(ABOUT THIS TASK)
Please repeat the lines below exactly. Begin with the line containing "The Grouch Reflects" and go on through the line containing "2T3F1RFV8MC213554 Photo# 13".

------------------------------------------------------------

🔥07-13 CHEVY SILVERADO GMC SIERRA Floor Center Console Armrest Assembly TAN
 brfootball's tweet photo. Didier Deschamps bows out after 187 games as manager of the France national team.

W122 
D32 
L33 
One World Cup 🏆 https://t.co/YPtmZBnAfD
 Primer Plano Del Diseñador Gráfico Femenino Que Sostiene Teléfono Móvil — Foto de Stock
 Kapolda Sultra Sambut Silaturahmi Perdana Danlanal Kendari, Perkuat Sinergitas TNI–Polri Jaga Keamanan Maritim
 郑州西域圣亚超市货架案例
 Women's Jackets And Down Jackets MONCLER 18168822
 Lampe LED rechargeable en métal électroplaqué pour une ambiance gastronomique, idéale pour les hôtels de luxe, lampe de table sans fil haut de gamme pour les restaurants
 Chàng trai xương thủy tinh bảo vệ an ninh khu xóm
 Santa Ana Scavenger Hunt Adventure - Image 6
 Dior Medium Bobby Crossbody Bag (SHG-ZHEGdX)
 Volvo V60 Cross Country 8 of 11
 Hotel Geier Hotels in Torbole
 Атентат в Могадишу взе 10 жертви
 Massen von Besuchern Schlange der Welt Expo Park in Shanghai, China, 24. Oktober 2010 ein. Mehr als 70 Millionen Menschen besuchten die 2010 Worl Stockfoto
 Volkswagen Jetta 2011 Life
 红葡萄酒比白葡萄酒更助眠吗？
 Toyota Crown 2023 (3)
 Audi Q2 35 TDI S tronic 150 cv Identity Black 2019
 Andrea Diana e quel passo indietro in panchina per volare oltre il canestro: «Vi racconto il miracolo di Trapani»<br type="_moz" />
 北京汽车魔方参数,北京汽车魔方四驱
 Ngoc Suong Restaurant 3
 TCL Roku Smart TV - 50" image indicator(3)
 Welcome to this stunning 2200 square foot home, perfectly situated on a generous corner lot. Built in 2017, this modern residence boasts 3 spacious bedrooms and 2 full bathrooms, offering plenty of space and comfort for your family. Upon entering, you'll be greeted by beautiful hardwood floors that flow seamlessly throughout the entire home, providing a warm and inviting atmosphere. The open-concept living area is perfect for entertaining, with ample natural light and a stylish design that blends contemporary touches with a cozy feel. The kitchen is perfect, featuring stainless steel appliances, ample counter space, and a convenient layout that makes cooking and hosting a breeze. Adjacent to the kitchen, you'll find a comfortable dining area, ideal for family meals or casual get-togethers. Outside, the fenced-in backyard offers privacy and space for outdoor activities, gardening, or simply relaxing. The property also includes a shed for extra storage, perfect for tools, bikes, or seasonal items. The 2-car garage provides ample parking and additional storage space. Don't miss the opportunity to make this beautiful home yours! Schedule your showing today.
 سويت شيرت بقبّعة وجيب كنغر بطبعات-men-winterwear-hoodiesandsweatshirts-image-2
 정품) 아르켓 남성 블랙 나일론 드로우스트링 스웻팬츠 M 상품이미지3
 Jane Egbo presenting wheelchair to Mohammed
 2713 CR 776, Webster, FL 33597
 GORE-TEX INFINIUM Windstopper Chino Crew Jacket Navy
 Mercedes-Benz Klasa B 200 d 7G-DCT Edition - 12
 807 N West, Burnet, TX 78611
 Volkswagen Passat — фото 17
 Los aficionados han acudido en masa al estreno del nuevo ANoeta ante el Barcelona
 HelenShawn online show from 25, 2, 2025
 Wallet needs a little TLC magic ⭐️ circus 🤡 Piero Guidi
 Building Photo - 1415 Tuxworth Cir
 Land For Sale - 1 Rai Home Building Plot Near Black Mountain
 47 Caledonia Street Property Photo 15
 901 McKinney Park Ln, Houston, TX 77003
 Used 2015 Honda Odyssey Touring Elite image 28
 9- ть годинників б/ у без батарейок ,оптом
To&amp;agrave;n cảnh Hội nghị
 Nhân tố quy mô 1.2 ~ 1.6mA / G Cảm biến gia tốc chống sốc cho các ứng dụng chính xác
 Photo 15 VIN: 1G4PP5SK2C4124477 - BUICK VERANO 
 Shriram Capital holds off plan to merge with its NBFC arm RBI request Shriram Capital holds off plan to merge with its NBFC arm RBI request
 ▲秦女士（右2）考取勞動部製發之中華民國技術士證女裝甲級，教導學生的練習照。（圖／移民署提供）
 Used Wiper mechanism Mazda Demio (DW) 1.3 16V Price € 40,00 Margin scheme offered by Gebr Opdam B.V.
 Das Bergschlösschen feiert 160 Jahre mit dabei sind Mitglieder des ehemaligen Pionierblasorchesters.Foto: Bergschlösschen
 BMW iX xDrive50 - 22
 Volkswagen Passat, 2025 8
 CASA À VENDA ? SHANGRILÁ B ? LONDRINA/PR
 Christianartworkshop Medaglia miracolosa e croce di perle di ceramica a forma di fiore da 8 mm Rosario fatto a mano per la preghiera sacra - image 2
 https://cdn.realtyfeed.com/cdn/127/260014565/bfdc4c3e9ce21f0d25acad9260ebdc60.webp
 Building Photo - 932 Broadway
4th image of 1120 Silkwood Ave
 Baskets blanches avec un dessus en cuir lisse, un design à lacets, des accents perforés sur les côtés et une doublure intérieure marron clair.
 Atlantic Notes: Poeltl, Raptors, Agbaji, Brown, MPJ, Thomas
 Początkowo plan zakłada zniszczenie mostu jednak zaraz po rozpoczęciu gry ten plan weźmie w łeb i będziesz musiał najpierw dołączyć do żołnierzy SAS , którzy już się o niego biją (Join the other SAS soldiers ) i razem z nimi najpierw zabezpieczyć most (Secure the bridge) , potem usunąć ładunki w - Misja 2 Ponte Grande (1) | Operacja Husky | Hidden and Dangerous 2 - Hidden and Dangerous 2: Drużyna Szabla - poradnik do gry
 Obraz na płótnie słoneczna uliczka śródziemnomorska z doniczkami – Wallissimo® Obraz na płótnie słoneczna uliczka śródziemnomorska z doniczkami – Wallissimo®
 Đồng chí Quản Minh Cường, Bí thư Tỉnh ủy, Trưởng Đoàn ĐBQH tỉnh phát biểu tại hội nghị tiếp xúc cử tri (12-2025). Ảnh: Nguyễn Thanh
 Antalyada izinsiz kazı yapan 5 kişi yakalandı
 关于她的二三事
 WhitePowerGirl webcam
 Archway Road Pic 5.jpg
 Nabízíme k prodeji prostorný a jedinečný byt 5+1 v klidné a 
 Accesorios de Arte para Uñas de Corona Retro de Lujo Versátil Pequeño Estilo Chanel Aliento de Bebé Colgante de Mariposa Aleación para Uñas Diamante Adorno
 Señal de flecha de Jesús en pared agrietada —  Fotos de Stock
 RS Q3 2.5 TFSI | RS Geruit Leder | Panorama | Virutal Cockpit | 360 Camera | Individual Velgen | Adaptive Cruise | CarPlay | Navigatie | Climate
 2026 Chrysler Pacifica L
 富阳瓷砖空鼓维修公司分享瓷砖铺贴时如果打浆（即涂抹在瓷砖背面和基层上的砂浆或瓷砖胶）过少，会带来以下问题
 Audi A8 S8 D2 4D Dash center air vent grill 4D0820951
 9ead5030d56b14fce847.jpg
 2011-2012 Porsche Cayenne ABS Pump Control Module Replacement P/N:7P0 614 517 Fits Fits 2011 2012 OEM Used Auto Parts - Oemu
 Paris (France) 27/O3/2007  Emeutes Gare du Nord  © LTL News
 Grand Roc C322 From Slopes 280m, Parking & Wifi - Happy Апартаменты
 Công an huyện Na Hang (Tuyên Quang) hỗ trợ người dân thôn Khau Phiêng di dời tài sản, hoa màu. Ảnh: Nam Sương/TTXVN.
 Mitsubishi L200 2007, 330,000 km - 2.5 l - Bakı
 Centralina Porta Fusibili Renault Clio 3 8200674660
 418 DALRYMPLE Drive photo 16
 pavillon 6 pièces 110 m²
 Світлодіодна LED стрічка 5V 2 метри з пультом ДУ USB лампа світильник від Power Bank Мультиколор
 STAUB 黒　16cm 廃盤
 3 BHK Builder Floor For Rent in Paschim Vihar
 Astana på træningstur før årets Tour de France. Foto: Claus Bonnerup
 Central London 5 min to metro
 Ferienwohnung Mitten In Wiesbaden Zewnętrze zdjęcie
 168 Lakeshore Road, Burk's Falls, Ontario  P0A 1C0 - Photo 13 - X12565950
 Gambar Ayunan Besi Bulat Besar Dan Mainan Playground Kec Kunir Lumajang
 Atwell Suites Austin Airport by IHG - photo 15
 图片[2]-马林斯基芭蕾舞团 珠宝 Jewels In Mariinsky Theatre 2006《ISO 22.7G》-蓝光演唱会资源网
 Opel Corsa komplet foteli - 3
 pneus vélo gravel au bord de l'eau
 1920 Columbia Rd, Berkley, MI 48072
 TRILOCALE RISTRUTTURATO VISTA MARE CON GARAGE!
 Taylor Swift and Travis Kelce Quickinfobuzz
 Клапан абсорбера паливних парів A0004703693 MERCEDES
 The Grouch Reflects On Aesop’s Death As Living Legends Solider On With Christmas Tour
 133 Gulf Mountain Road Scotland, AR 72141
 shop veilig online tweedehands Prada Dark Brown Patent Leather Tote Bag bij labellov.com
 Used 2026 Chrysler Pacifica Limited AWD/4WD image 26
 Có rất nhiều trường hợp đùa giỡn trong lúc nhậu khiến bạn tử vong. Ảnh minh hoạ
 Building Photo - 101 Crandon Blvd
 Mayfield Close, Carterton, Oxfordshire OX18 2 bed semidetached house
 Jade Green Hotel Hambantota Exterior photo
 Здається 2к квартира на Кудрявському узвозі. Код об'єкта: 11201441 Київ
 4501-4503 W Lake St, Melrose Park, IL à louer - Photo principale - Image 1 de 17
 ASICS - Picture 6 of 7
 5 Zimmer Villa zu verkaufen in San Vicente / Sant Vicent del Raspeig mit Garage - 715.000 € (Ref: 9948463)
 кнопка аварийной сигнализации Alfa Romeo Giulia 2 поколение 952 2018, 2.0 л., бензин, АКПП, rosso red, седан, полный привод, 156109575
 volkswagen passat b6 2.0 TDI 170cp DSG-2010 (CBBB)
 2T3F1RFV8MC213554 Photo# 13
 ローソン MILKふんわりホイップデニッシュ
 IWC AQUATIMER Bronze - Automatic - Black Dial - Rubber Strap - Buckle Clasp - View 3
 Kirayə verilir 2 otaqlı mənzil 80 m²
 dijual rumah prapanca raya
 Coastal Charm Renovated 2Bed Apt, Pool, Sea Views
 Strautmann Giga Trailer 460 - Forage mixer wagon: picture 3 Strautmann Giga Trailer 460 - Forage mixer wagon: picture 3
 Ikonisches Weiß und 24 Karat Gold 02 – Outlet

------------------------------------------------------------

(RESPONSE TO THE EXERCISE)
 The Grouch Reflects On Aesop’s Death As Living Legends Solider On With Christmas Tour
 133 Gulf Mountain Road Scotland, AR 72141
 shop veilig online tweedehands Prada Dark Brown Patent Leather Tote Bag bij labellov.com
 Used 2026 Chrysler Pacifica Limited AWD/4WD image 26
 Có rất nhiều trường hợp đùa giỡn trong lúc nhậu khiến bạn tử vong. Ảnh minh hoạ
 Building Photo - 101 Crandon Blvd
 Mayfield Close, Carterton, Oxfordshire OX18 2 bed semidetached house
 Jade Green Hotel Hambantota Exterior photo
 Здається 2к квартира на Кудрявському узвозі. Код об'єкта: 11201441 Київ
 4501-4503 W Lake St, Melrose Park, IL à louer - Photo principale - Image 1 de 17
 ASICS - Picture 6 of 7
 5 Zimmer Villa zu verkaufen in San Vicente / Sant Vicent del Raspeig mit Garage - 715.000 € (Ref: 9948463)
 кнопка аварийной сигнализации Alfa Romeo Giulia 2 поколение 952 2018, 2.0 л., бензин, АКПП, rosso red, седан, полный привод, 156109575
 volkswagen passat b6 2.0 TDI 170cp DSG-2010 (CBBB)
 2T3F1RFV8MC213554 Photo# 13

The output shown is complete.